Capitol Cinema is a former cinema in the western Romanian city of Timișoara. Currently, it hosts the Banat Philharmonic, and films are only screened outdoors in its summer garden.
== History ==
In 1908, Timișoara saw the opening of its first cinema, Cetate Cinema. Over time, however, the building fell into serious disrepair and required extensive restoration. Because such rehabilitation would have taken a long time, and demand for cinema performances was growing—evidenced by the increasing audiences at both Cetate Cinema and Apollo Cinema—a decision was made in 1927 to construct a new venue: Capitol Cinema.

The architectural plans were entrusted to Duiliu Marcu from Bucharest, and the construction was financed by the city hall. Initially, the cost was estimated at 20 million lei, but negotiations with the contractor brought the total down to 15 million lei. Construction began on 6 December 1929, and the cinema officially opened on Christmas Day in 1930.

Alongside the main building, a summer garden was included to host outdoor screenings—a familiar concept for locals, who had already experienced similar setups at Cetate Cinema and Apollo Cinema. The last film shown in Capitol's summer garden was in the summer of 1994.

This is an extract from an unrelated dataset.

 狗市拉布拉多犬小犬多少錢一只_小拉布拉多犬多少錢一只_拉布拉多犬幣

Over the years, Capitol Cinema was also known by other names, including "Modern" and "Maxim Gorky." In 1931, it had to be rebuilt after the roof collapsed and damaged the auditorium. Another major renovation and modernization took place in 1972, during which the cinema was also expanded under the supervision of architect Șerban Sturdza.

By the year 2000, Capitol Cinema was one of seven cinemas operating in Timișoara, alongside Dacia, Timiș, Arta, Melodia, Studio, and Unirea.

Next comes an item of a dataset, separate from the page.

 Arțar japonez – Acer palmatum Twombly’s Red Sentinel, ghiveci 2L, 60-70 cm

Capitol Cinema, like all cinemas in Timișoara, was once part of the Autonomous Film Directorate (RADEF). However, following the Revolution, ownership was returned to the original proprietors. After a series of legal proceedings, the Capitol Cinema—along with its summer garden—was eventually reclaimed by Timișoara City Hall. Today, the building houses the Banat Philharmonic, though film screenings are still occasionally held. In 2014, the cinema's summer garden underwent a complete renovation with the help of volunteers, students, Banat Philharmonic staff, and prison inmates. Together, they restored the screen, replaced the chairs with new ones, planted flowers, and refurbished the fountain. Additionally, a new sound system was installed to enhance the viewing experience.